» **THE PROBLEM**:
Could you reproduce, word for word, everything below from the line containing "So with this" down to the line containing "This is a trig", with both of those lines included and no others?

» **SUPPLIED DATA**:
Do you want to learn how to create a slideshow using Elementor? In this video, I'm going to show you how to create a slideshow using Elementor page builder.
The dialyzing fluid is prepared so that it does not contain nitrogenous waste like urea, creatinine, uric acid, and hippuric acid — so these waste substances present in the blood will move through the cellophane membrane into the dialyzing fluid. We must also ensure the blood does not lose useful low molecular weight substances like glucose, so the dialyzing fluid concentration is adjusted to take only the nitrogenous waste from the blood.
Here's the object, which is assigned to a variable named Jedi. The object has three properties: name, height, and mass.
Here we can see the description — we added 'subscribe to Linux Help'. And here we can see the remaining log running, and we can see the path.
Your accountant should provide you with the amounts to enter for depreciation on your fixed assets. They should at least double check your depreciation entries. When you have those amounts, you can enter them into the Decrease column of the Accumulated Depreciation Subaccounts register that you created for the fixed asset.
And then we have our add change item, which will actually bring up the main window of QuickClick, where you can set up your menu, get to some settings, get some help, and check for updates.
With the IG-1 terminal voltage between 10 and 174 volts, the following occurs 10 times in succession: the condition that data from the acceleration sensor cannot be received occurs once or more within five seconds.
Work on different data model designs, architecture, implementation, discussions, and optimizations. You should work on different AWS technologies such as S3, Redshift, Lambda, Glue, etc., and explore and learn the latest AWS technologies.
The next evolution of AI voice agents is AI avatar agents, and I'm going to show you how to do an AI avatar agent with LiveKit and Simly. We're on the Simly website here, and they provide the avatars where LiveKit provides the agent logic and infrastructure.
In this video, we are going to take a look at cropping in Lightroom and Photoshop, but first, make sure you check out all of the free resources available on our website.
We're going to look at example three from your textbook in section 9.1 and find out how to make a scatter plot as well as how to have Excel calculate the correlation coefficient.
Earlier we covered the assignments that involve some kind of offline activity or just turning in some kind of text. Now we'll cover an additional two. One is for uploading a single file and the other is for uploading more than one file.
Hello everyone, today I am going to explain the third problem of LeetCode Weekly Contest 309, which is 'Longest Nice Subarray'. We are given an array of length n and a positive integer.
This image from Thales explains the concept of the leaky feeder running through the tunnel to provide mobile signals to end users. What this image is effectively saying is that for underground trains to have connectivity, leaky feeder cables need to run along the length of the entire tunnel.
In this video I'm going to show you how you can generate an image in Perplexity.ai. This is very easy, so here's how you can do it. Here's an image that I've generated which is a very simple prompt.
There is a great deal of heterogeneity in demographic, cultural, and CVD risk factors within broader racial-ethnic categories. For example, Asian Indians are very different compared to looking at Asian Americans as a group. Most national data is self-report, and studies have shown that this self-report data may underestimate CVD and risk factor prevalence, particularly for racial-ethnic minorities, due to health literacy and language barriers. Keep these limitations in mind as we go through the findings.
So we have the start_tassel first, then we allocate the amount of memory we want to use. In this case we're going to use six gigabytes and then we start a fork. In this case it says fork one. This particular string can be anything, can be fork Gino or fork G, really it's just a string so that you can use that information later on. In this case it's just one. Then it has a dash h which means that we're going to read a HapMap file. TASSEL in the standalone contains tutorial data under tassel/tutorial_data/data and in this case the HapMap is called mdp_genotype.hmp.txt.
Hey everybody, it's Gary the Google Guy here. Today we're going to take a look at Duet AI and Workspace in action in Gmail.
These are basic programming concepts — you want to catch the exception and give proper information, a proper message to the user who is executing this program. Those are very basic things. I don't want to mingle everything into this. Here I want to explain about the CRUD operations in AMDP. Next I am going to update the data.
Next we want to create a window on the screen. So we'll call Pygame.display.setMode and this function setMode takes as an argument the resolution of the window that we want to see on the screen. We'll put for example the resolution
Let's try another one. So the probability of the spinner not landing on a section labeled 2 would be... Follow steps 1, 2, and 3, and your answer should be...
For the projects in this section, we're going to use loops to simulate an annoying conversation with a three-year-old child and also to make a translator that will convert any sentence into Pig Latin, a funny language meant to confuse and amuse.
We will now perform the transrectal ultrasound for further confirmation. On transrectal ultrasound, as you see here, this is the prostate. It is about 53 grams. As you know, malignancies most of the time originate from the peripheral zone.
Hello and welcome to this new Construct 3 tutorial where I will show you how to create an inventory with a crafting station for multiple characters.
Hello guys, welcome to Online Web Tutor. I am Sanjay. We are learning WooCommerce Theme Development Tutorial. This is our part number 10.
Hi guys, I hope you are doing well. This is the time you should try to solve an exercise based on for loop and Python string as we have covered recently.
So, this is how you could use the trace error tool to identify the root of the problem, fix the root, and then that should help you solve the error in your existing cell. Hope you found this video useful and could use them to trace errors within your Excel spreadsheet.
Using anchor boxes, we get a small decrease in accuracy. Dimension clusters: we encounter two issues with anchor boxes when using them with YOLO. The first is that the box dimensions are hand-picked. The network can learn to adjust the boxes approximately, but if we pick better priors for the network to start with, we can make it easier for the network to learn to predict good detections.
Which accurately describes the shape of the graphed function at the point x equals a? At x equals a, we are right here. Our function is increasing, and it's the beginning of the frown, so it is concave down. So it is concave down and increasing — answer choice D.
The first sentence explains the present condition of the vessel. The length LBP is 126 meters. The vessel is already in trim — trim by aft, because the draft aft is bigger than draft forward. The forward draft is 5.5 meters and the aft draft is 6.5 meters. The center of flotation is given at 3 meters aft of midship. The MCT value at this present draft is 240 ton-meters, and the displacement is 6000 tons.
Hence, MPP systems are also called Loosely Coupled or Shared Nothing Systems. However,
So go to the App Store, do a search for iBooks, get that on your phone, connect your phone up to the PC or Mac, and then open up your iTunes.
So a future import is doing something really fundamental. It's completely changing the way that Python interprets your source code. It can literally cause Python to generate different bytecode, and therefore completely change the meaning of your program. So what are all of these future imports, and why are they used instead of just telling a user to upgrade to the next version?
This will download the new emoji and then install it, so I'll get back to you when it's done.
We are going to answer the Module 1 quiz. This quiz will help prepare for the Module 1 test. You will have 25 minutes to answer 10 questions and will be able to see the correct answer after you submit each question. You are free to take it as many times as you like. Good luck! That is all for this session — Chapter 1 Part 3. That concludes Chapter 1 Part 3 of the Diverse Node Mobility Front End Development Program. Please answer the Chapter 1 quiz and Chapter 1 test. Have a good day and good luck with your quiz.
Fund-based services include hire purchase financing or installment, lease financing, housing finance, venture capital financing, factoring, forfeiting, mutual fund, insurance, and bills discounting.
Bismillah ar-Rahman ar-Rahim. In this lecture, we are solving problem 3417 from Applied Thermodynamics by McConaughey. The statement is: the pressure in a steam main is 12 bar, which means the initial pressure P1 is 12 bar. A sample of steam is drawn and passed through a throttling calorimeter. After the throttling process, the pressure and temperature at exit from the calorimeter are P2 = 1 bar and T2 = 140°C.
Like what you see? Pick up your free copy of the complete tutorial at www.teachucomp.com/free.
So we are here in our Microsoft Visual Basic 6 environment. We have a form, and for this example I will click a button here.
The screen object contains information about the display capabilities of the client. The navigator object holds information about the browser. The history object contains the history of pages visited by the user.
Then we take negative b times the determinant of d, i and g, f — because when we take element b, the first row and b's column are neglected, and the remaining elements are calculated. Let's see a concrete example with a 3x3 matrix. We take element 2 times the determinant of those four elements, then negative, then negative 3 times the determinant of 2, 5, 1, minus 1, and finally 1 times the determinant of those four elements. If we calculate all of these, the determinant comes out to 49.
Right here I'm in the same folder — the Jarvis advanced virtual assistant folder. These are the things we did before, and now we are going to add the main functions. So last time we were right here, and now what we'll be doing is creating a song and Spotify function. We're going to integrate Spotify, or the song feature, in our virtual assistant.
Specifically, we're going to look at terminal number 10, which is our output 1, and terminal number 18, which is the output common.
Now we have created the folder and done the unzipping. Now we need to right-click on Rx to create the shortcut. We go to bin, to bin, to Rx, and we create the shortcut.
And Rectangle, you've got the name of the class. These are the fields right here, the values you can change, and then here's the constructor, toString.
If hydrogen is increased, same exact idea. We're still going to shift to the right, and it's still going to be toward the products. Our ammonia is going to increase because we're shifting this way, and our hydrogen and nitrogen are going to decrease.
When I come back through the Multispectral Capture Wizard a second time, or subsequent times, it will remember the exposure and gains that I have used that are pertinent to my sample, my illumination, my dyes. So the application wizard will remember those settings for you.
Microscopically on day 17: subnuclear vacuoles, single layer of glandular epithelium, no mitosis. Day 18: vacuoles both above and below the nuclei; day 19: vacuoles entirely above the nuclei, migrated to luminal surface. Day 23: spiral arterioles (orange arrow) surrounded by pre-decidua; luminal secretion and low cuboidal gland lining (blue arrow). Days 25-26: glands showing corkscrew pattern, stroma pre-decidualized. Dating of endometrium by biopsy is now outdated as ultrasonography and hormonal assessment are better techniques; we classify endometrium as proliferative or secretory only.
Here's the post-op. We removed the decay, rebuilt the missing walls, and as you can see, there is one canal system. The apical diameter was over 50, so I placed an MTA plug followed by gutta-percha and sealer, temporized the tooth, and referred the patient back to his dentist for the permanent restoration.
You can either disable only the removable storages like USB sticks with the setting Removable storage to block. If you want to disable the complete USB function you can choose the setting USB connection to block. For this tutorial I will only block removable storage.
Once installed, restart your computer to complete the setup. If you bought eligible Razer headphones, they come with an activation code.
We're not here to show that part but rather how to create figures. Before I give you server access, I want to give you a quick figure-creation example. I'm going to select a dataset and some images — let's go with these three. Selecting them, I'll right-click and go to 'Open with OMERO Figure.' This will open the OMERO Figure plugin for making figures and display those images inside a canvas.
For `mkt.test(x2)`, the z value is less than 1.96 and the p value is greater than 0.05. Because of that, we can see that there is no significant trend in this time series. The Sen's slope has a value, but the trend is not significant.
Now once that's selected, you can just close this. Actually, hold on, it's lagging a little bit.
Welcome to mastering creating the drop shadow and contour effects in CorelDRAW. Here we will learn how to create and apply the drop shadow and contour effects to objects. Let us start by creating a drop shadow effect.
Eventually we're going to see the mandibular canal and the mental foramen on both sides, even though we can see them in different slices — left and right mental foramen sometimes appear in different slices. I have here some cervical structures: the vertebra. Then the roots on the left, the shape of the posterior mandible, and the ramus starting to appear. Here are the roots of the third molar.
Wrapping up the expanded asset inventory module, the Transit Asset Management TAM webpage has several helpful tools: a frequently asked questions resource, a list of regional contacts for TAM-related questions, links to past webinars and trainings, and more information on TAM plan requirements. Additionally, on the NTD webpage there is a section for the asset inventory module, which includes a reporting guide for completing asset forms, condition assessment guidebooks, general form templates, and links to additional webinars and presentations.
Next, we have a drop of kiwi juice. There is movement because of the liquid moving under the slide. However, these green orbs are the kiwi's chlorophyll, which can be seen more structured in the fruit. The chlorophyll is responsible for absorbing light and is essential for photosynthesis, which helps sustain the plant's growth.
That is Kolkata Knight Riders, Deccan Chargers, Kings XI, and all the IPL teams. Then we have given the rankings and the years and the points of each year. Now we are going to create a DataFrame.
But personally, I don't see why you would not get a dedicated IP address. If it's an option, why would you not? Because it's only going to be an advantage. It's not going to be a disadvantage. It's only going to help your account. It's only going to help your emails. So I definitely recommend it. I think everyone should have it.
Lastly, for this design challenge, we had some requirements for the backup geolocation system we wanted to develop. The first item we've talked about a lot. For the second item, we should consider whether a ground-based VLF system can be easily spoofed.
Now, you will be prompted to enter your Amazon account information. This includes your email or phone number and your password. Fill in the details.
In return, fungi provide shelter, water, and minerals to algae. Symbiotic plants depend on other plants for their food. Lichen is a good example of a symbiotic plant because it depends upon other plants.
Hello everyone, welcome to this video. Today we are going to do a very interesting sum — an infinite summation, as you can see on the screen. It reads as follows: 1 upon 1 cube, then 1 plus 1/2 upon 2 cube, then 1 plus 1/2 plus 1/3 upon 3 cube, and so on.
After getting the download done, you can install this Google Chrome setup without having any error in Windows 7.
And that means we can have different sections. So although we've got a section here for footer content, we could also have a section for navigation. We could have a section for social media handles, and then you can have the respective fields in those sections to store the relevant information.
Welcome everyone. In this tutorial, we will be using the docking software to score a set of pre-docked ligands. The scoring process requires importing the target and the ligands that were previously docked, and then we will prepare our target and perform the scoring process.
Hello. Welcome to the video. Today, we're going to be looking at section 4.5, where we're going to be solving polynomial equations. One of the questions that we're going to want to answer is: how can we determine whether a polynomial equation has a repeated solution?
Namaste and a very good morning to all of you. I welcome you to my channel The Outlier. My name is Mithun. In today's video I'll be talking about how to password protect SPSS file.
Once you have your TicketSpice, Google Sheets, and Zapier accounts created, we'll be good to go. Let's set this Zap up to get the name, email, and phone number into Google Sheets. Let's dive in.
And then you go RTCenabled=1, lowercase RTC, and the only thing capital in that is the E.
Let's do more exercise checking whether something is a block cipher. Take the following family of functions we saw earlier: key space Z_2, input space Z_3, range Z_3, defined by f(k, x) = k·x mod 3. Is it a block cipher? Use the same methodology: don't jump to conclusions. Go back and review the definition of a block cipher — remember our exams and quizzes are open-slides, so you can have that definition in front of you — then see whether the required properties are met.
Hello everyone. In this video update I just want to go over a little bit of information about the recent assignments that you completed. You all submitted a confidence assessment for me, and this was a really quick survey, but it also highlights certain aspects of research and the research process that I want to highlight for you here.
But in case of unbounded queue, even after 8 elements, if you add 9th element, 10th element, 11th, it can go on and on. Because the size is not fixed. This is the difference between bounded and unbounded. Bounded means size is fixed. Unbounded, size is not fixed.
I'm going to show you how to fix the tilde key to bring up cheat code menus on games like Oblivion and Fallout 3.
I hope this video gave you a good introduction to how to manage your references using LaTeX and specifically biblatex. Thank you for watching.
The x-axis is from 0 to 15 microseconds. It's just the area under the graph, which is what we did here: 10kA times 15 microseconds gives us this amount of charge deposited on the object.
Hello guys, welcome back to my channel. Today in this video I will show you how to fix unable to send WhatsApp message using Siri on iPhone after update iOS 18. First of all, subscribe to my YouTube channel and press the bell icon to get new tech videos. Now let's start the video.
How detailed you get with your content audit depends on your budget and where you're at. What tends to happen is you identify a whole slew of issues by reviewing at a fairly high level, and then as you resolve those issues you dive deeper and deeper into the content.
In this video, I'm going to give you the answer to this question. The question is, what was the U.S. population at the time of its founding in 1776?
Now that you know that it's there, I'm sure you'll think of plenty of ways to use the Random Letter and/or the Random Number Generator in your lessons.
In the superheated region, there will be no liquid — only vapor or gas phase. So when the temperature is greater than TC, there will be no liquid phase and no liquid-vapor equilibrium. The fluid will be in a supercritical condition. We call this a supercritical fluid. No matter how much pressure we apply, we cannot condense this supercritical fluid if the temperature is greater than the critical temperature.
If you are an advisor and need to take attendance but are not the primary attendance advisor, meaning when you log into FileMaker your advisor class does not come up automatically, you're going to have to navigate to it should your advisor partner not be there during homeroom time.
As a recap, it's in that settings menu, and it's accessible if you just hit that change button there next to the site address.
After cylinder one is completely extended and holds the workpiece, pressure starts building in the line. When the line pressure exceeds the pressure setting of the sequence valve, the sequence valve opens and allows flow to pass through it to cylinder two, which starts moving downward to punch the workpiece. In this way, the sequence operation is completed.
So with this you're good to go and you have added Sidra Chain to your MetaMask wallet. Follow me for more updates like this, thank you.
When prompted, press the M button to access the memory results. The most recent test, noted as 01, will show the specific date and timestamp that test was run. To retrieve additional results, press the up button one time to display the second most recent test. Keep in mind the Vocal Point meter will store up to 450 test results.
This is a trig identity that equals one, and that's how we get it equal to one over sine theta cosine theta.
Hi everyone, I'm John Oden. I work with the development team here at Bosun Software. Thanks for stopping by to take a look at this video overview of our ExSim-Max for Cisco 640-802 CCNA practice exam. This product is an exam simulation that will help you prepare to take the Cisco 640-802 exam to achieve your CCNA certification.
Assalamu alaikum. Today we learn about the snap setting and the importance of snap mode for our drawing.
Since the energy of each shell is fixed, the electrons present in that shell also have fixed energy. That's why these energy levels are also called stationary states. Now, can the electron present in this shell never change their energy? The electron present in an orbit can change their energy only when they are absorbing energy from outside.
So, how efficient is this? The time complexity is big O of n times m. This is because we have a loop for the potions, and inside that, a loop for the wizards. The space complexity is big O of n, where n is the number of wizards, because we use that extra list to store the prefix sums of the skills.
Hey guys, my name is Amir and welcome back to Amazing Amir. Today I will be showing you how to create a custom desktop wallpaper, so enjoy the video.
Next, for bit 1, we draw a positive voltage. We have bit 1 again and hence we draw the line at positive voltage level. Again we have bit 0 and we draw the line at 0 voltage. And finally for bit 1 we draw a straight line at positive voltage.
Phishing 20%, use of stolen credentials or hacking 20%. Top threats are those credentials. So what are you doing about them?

» **ANSWER TO THIS TASK**:
So with this you're good to go and you have added Sidra Chain to your MetaMask wallet. Follow me for more updates like this, thank you.
When prompted, press the M button to access the memory results. The most recent test, noted as 01, will show the specific date and timestamp that test was run. To retrieve additional results, press the up button one time to display the second most recent test. Keep in mind the Vocal Point meter will store up to 450 test results.
This is a trig identity that equals one, and that's how we get it equal to one over sine theta cosine theta.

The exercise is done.